Exercise instructions: Restate word for word each line from the one containing "Visit the Juniper" through the end of the material, and nothing more. Drop every picture.
####################
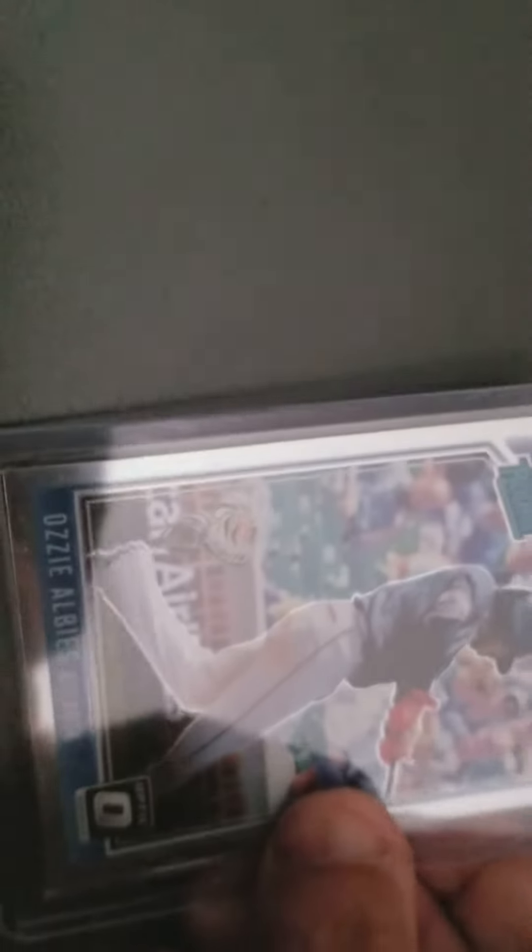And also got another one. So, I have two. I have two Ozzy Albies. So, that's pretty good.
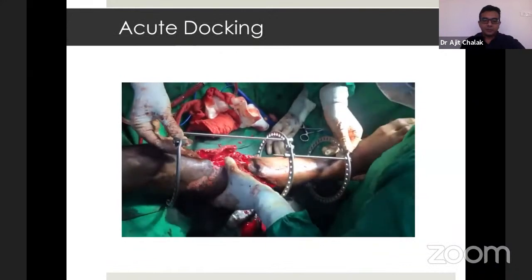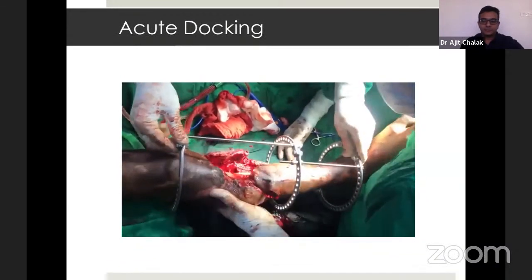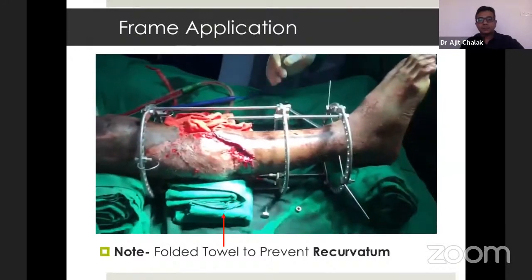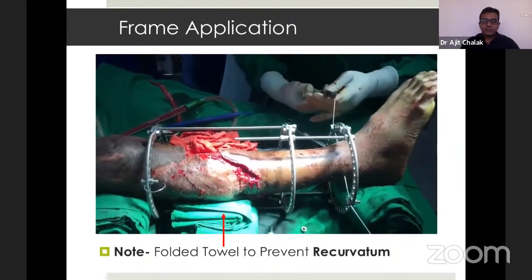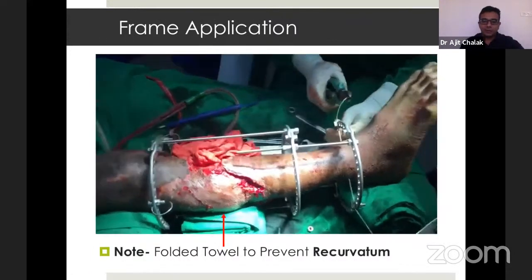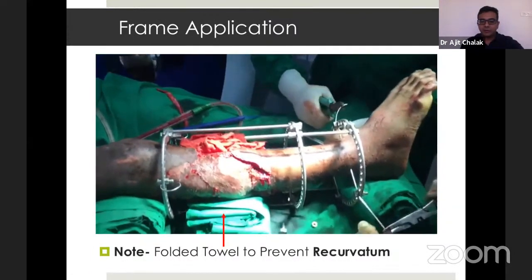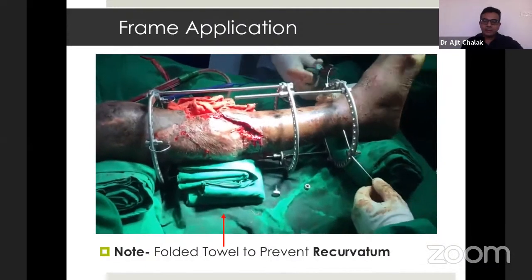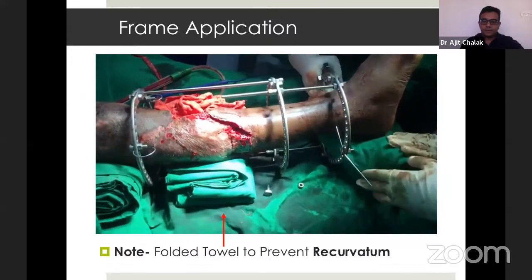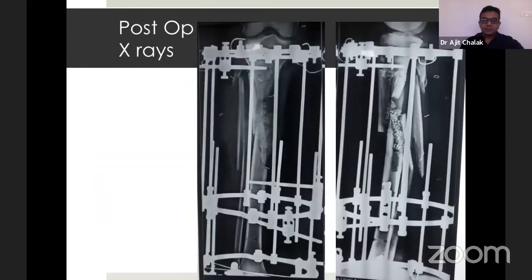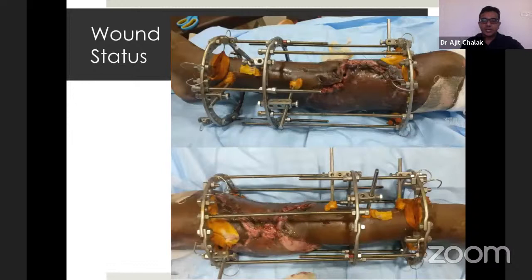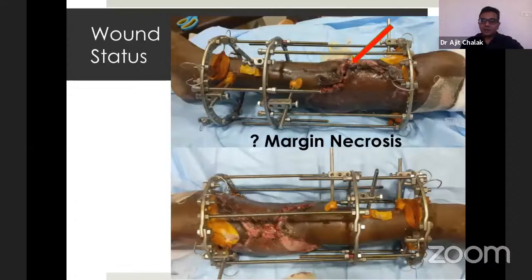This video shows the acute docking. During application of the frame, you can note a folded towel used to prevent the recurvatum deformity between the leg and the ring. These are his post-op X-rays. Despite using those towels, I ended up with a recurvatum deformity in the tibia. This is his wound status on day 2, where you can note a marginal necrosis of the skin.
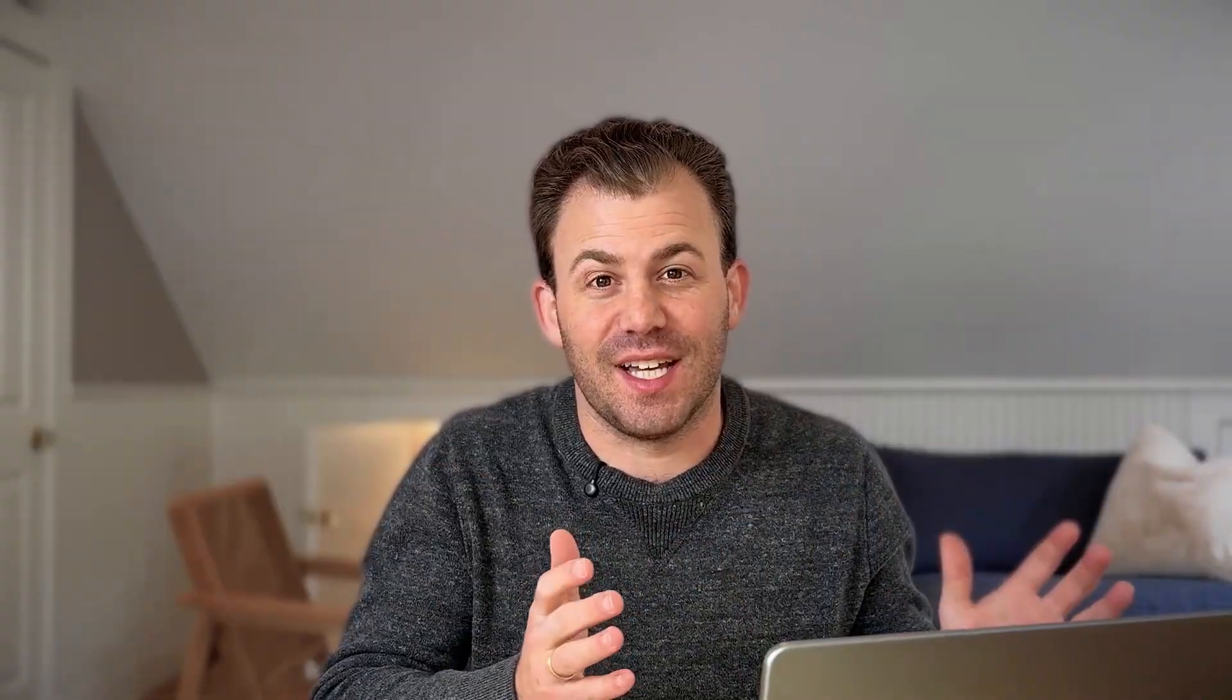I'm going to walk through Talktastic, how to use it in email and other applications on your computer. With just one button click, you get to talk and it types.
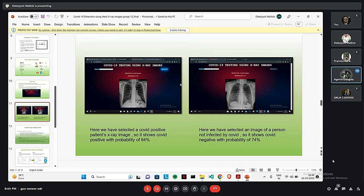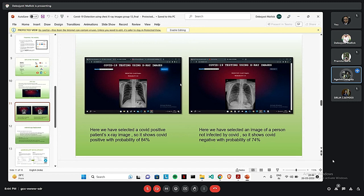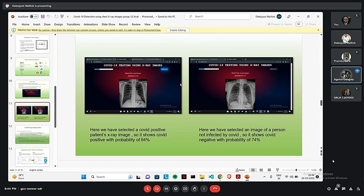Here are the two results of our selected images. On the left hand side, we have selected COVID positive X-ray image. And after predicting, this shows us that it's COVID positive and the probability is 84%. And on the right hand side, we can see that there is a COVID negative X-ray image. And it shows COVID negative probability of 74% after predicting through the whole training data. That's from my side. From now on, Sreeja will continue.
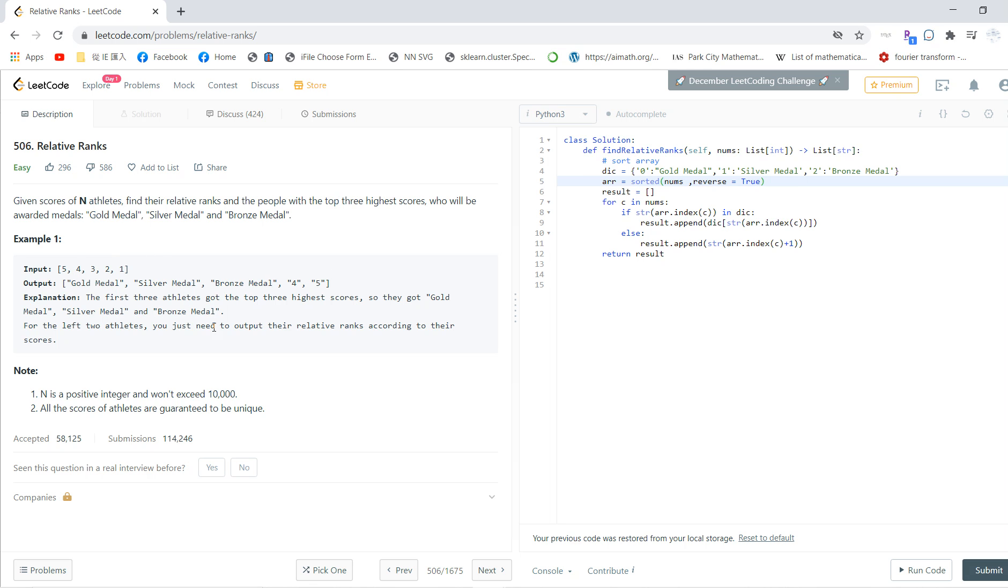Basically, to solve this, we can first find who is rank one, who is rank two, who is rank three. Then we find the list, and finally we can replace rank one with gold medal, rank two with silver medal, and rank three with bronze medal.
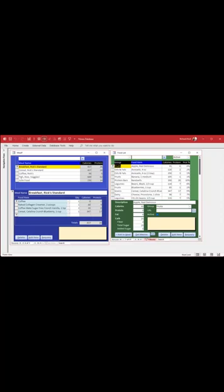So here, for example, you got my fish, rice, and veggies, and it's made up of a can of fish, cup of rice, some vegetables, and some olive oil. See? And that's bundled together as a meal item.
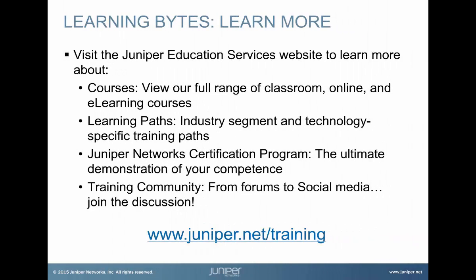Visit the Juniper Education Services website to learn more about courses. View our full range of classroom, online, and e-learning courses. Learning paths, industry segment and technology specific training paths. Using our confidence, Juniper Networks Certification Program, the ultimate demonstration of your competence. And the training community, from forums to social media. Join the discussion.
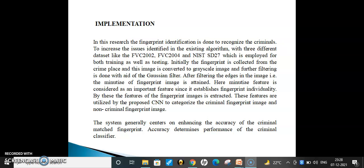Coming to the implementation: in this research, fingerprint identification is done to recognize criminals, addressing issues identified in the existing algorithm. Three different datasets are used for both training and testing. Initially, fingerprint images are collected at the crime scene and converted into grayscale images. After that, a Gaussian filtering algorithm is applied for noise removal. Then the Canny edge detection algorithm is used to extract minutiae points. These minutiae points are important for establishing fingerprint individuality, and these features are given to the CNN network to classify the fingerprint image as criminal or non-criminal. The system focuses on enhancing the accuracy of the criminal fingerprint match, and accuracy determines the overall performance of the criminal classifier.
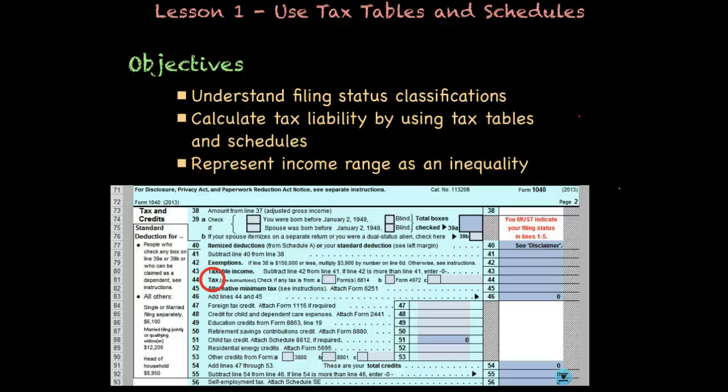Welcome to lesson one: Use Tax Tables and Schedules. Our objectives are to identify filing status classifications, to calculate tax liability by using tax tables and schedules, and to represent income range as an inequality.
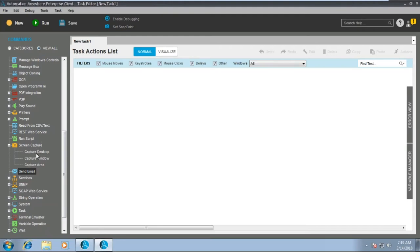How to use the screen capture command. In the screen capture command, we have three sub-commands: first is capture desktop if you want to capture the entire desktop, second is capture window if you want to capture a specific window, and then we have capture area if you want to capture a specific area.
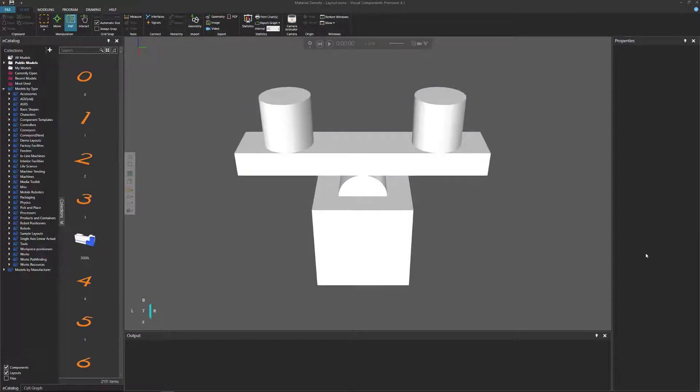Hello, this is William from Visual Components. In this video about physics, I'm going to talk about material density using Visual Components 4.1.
####################
Written solution:
Visit the Juniper Education Services website to learn more about courses. View our full range of classroom, online, and e-learning courses. Learning paths, industry segment and technology specific training paths. Using our confidence, Juniper Networks Certification Program, the ultimate demonstration of your competence. And the training community, from forums to social media. Join the discussion.
Coming to the implementation: in this research, fingerprint identification is done to recognize criminals, addressing issues identified in the existing algorithm. Three different datasets are used for both training and testing. Initially, fingerprint images are collected at the crime scene and converted into grayscale images. After that, a Gaussian filtering algorithm is applied for noise removal. Then the Canny edge detection algorithm is used to extract minutiae points. These minutiae points are important for establishing fingerprint individuality, and these features are given to the CNN network to classify the fingerprint image as criminal or non-criminal. The system focuses on enhancing the accuracy of the criminal fingerprint match, and accuracy determines the overall performance of the criminal classifier.
Welcome to lesson one: Use Tax Tables and Schedules. Our objectives are to identify filing status classifications, to calculate tax liability by using tax tables and schedules, and to represent income range as an inequality.
How to use the screen capture command. In the screen capture command, we have three sub-commands: first is capture desktop if you want to capture the entire desktop, second is capture window if you want to capture a specific window, and then we have capture area if you want to capture a specific area.
Hello, this is William from Visual Components. In this video about physics, I'm going to talk about material density using Visual Components 4.1.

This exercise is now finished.